Short text fragments from websites:
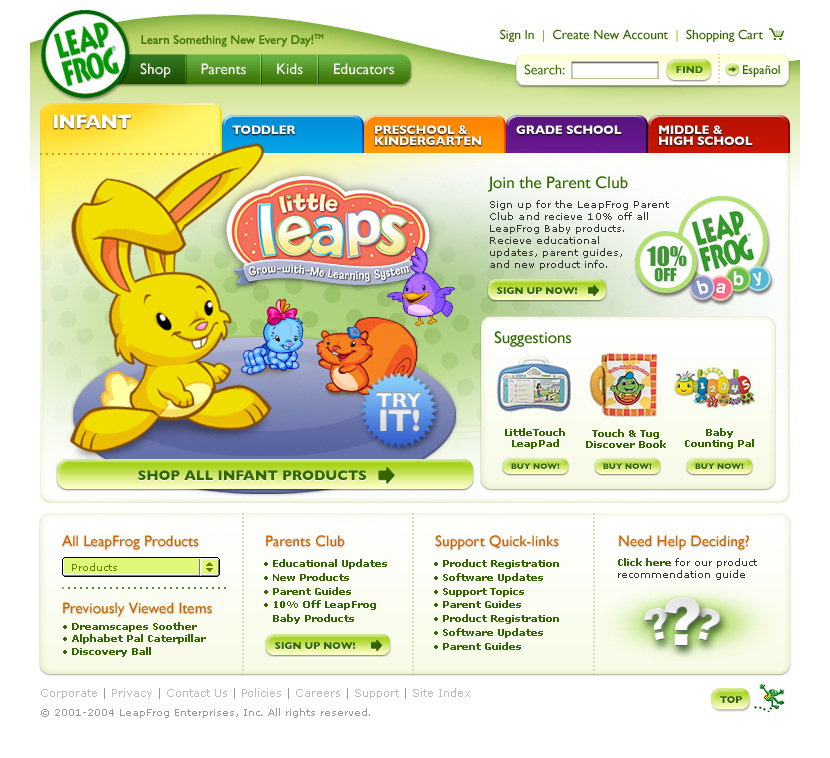 Leapfrog Baby and Site Redesign Kevin Hsieh Product Design Leadership
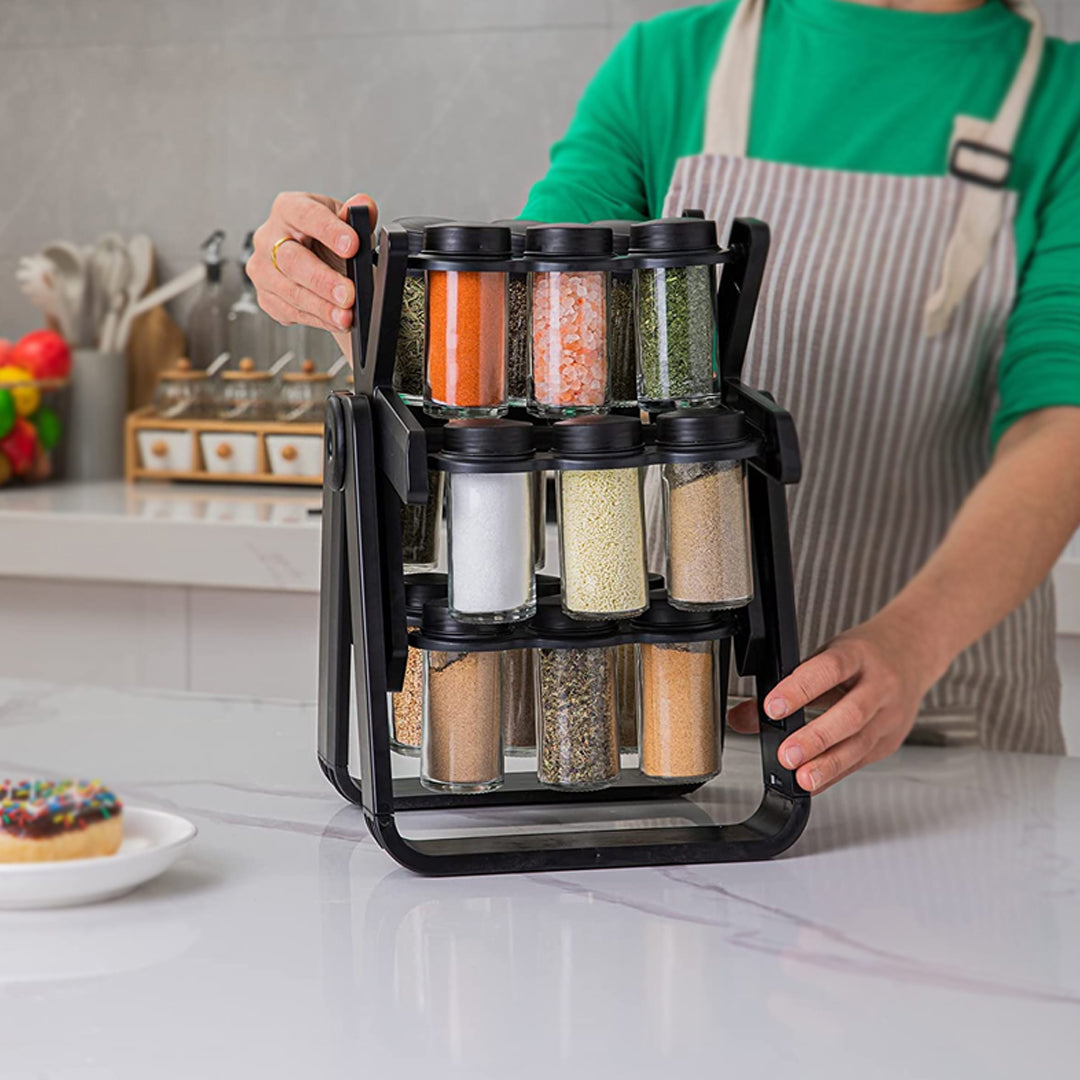 Rotating Spice Rack With 18Pcs Jar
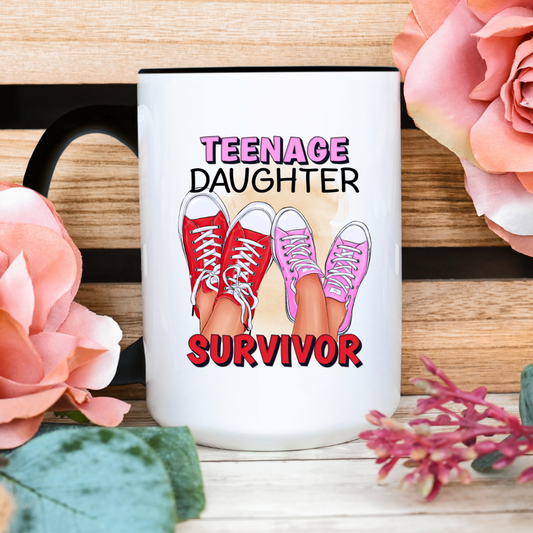 Funny Coffee Mug Teenaged Daughter Survivor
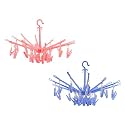 Kuber Industries (Pack of 2) Cloth Drying Hanger | 360� Cloth Drying Stand | Baby Cloth Drying Pegs | 24 Clips Clothes Hanger for Socks, Bras &amp; Towels | Folding Cloth Drying Clips | Pink &amp; Blue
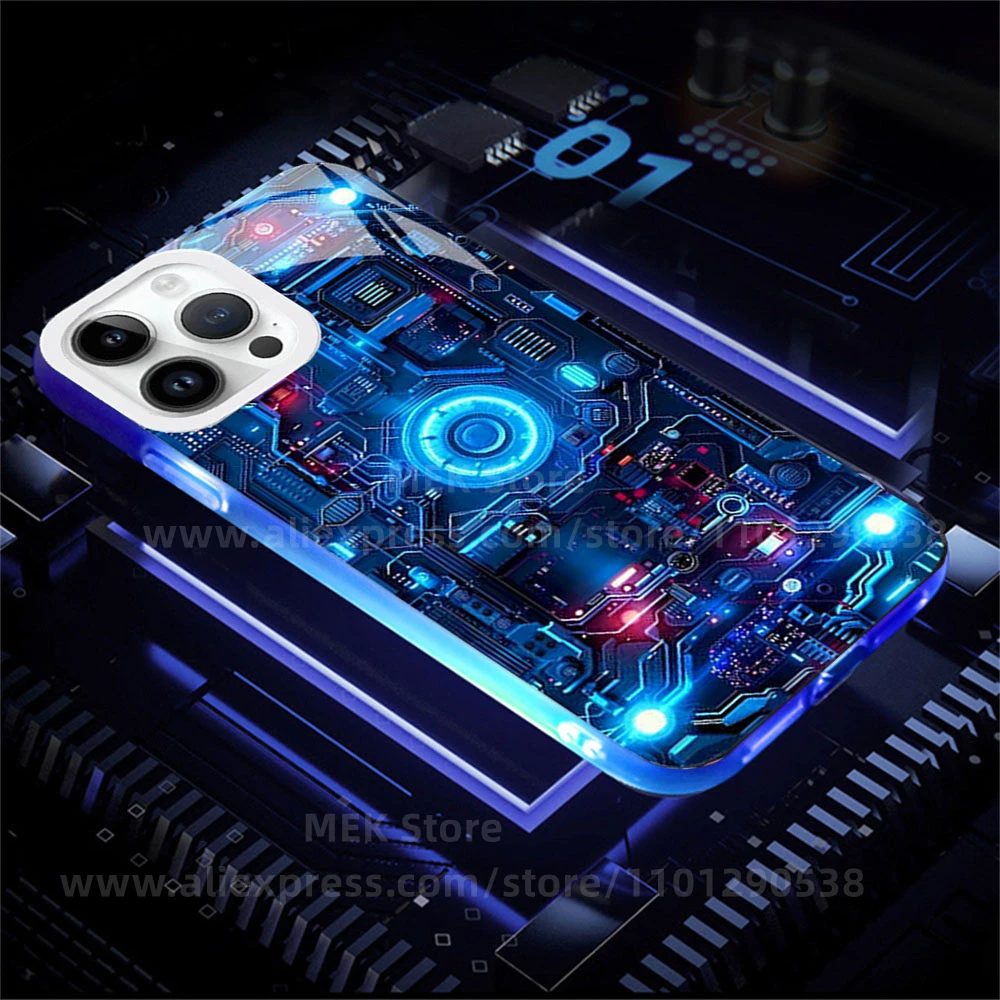 2026 جديد تتجه غطاء شفاف مضيء 7 ألوان مصباح ليد حتى فلاش جراب هاتف آيفون الهواء 17 16 15 14 13 12 11 برو ماكس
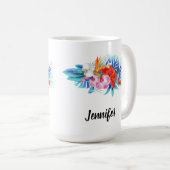 Mug Fleurs tropicales exotiques - Rose & Aqua (Devant droit)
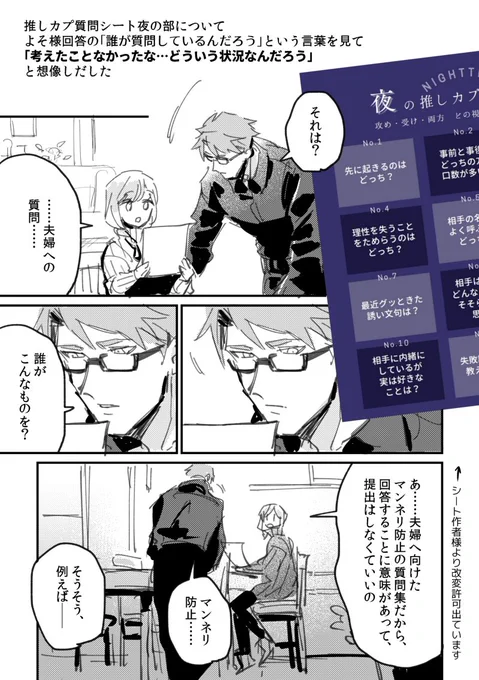 デーテオ先生とコレッタさん結婚した時空の本編無関係セルフ二次創作。もはや何なんだ 今日のデー先は攻めの日(日替わりなので二次創作じゃないと破綻するらしい) #推しカプ昼夜質問シート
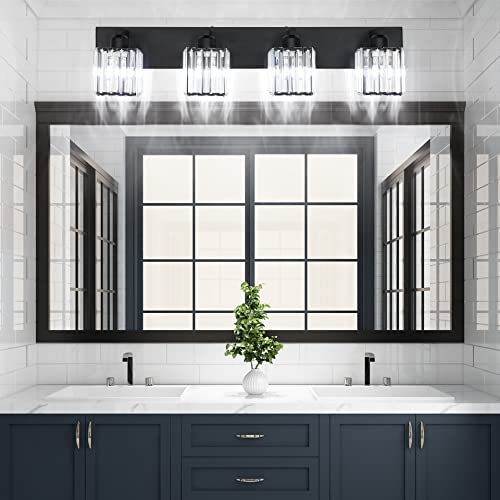 Black Light Fixtures Bathroom Vanity Light Crystal Modern Vanity Light for Bathroom 4 Light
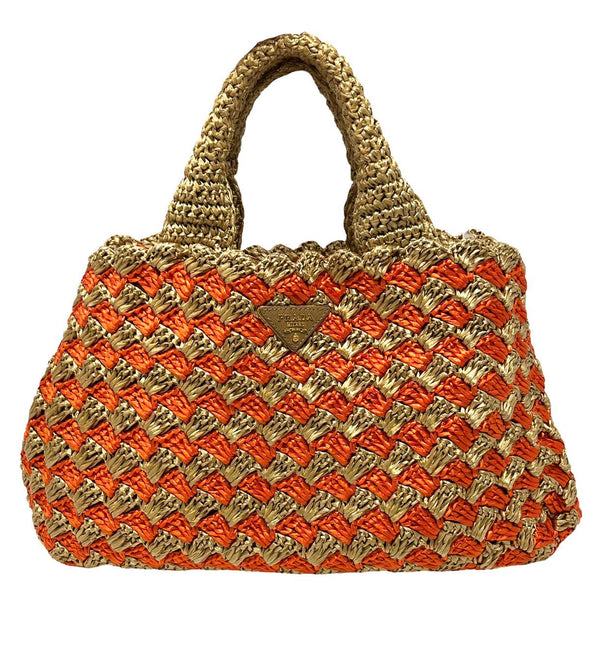 Prada Orange Woven Top Handle Bag
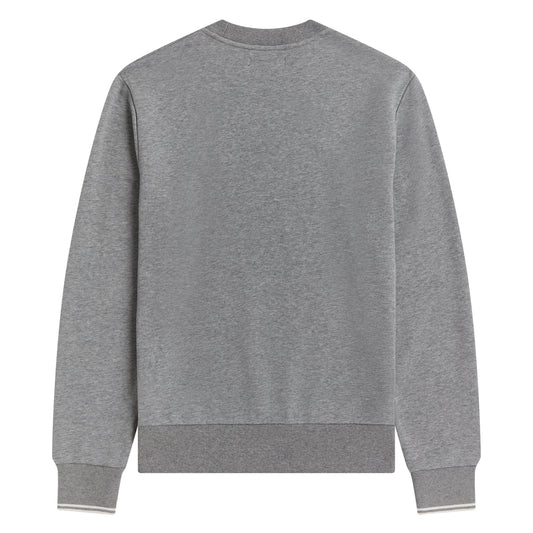 Fred Perry Crew Neck Sweatshirt Steel Marl/Snow White/Snow White. Foto de trás.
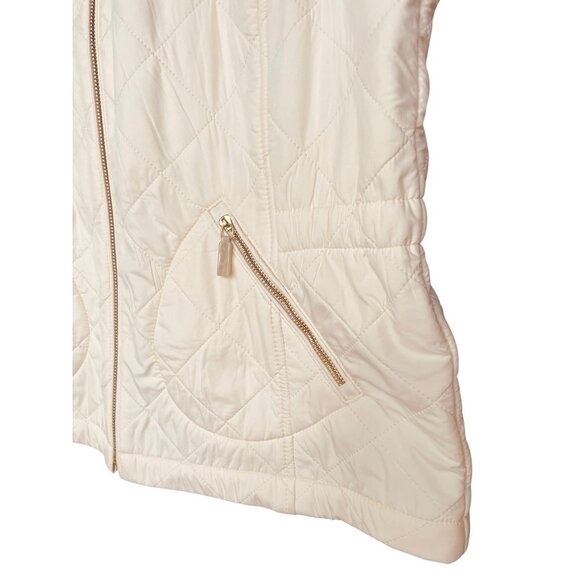 Talbots Petites Cream Diamond Quilted Puffer Vest Gold Zip P L Capsule Wardrobe - Picture 3 of 9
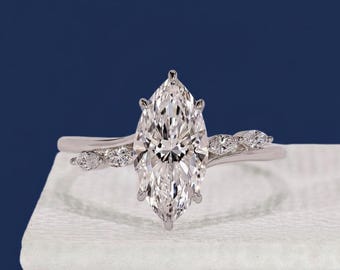 Anello di fidanzamento con diamante di laboratorio taglio marquise / Oro massiccio, certificato IGI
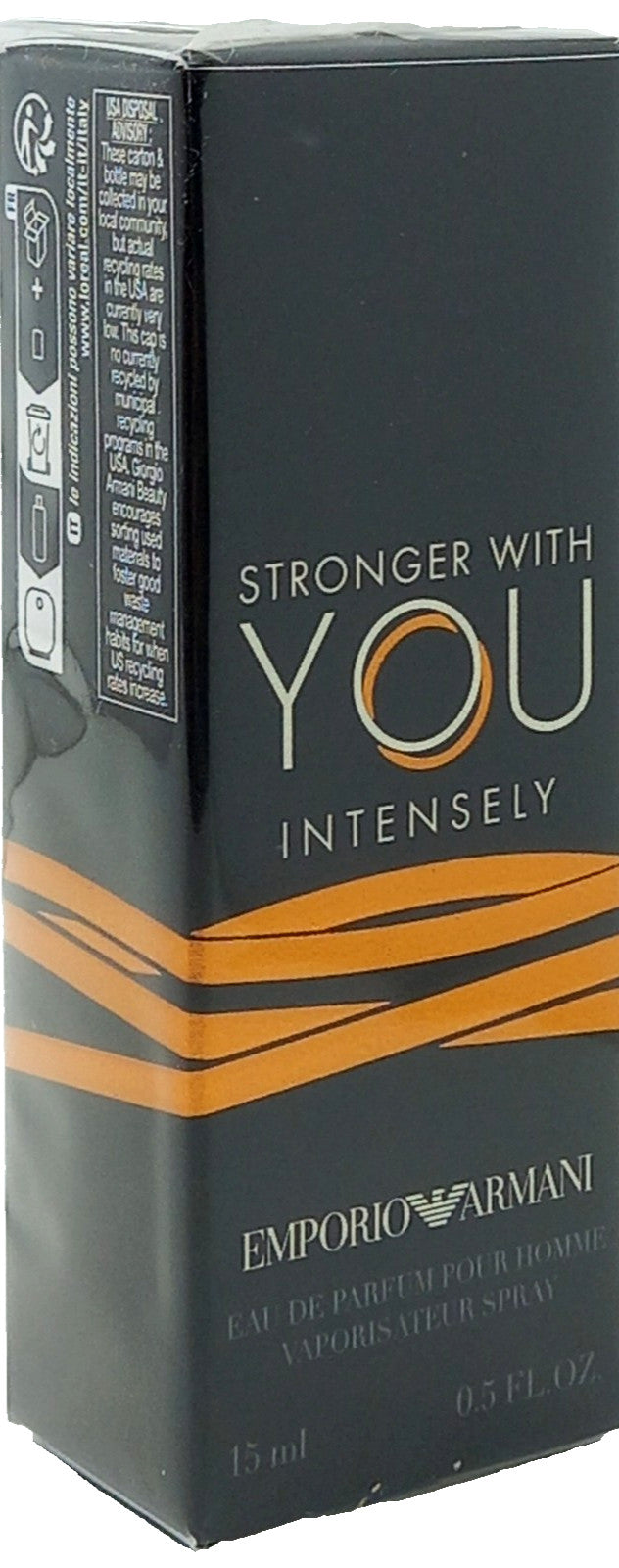 GIORGIO ARMANI STRONGER WITH YOU INTENSELY EDP SPRAY FOR MEN 0.5 Oz TRAVEL SIZE!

The task:
Give every line above again exactly, omitting whatever pictures appear.

Task answer:
 Leapfrog Baby and Site Redesign Kevin Hsieh Product Design Leadership
 Rotating Spice Rack With 18Pcs Jar
 Funny Coffee Mug Teenaged Daughter Survivor
 Kuber Industries (Pack of 2) Cloth Drying Hanger | 360� Cloth Drying Stand | Baby Cloth Drying Pegs | 24 Clips Clothes Hanger for Socks, Bras &amp; Towels | Folding Cloth Drying Clips | Pink &amp; Blue
 2026 جديد تتجه غطاء شفاف مضيء 7 ألوان مصباح ليد حتى فلاش جراب هاتف آيفون الهواء 17 16 15 14 13 12 11 برو ماكس
 Mug Fleurs tropicales exotiques - Rose & Aqua (Devant droit)
 デーテオ先生とコレッタさん結婚した時空の本編無関係セルフ二次創作。もはや何なんだ 今日のデー先は攻めの日(日替わりなので二次創作じゃないと破綻するらしい) #推しカプ昼夜質問シート
 Black Light Fixtures Bathroom Vanity Light Crystal Modern Vanity Light for Bathroom 4 Light
 Prada Orange Woven Top Handle Bag
 Fred Perry Crew Neck Sweatshirt Steel Marl/Snow White/Snow White. Foto de trás.
 Talbots Petites Cream Diamond Quilted Puffer Vest Gold Zip P L Capsule Wardrobe - Picture 3 of 9
 Anello di fidanzamento con diamante di laboratorio taglio marquise / Oro massiccio, certificato IGI
 GIORGIO ARMANI STRONGER WITH YOU INTENSELY EDP SPRAY FOR MEN 0.5 Oz TRAVEL SIZE!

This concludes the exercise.